(Your goal): With the pictures left out, restate exactly the part below that opens with the line containing "Hypnotic Cow iPhone 16 Plus Case - Soft" and closes with the line containing "Cheese, Tomatoes Tomato".

(Extracted entries):
--------------------------------------------------
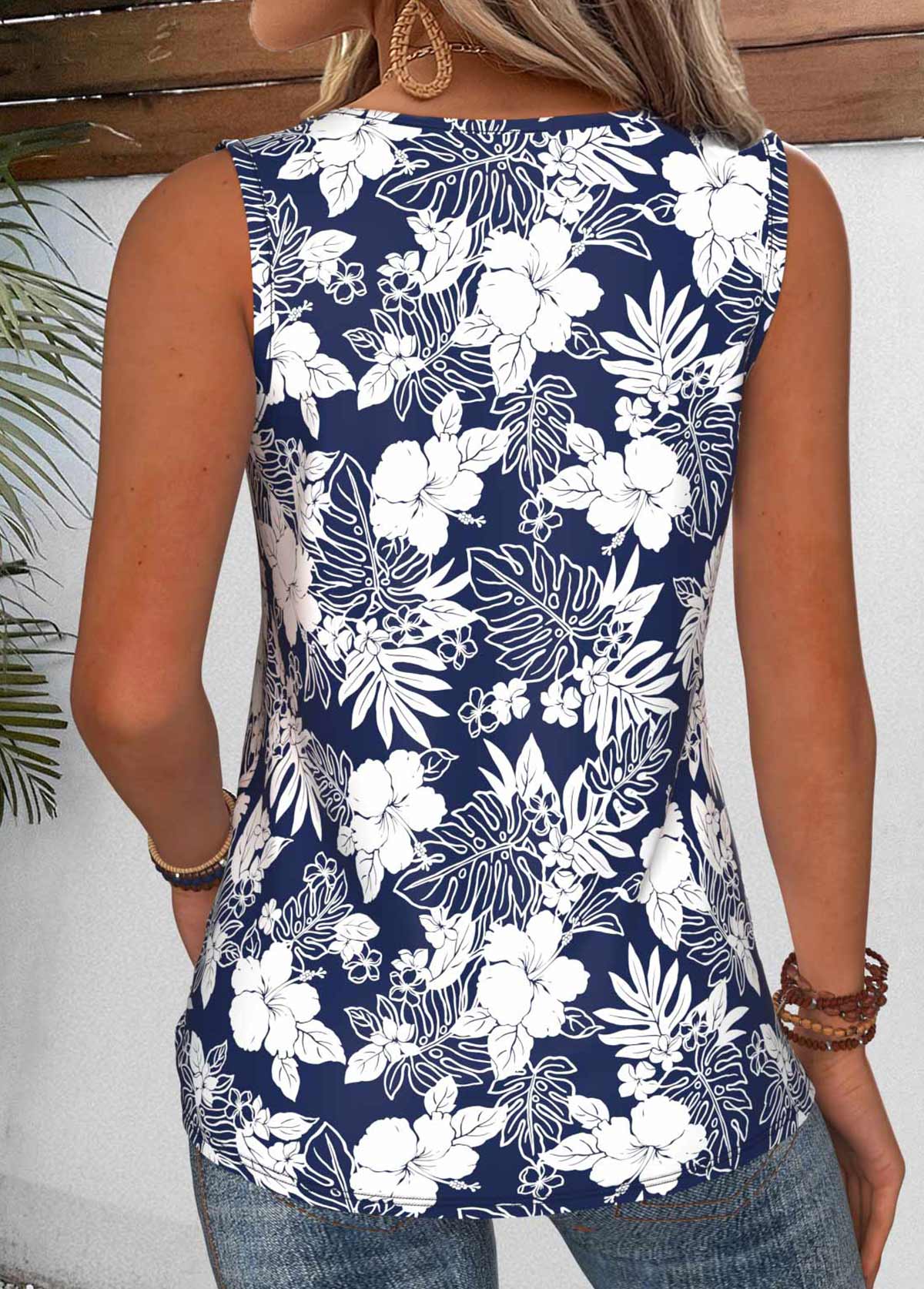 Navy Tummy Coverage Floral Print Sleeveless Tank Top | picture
--------------------------------------------------
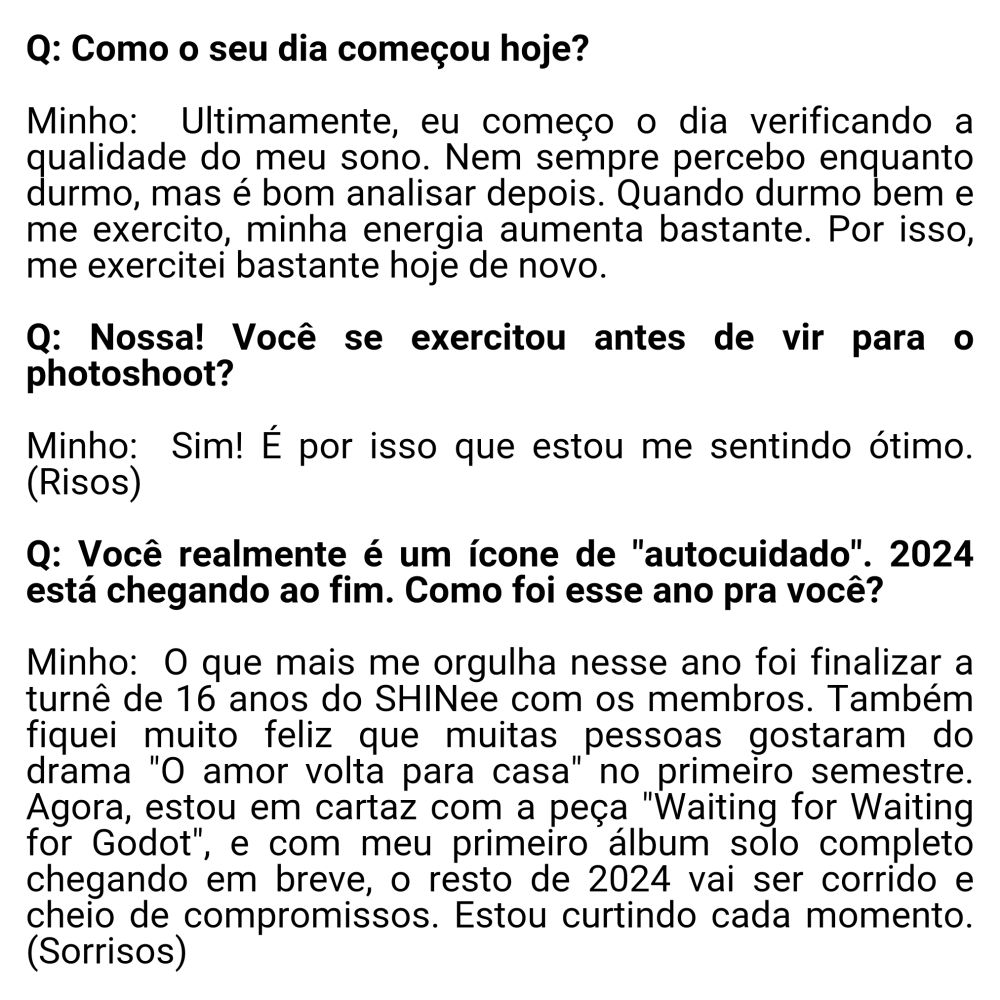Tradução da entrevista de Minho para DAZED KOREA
--------------------------------------------------
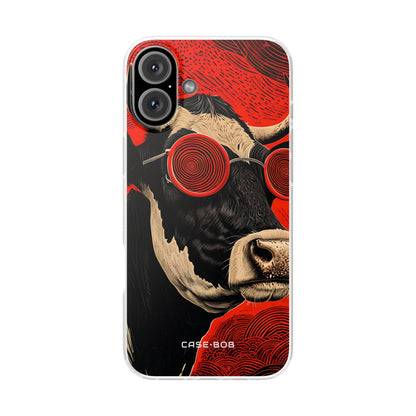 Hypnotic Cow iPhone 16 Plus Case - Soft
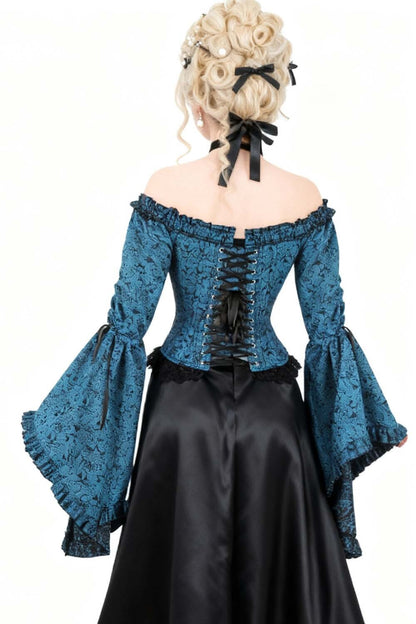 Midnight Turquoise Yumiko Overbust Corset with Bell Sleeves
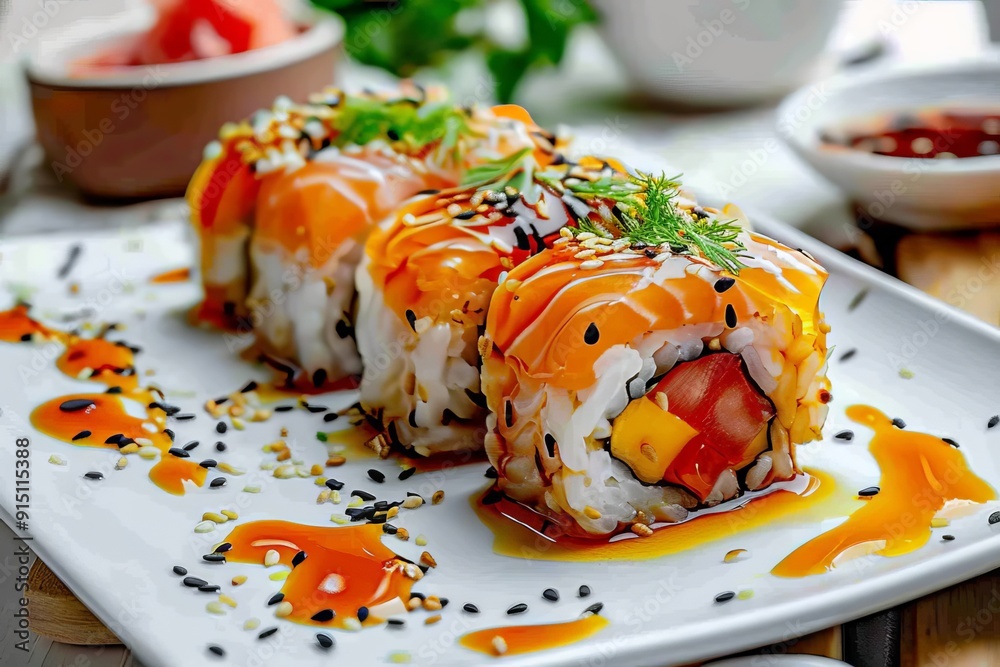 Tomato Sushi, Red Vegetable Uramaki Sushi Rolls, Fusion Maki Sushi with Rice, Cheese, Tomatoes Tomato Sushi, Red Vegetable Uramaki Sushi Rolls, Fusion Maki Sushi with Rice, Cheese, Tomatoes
--------------------------------------------------
(Solution to this task):
 Hypnotic Cow iPhone 16 Plus Case - Soft
 Midnight Turquoise Yumiko Overbust Corset with Bell Sleeves
 Tomato Sushi, Red Vegetable Uramaki Sushi Rolls, Fusion Maki Sushi with Rice, Cheese, Tomatoes Tomato Sushi, Red Vegetable Uramaki Sushi Rolls, Fusion Maki Sushi with Rice, Cheese, Tomatoes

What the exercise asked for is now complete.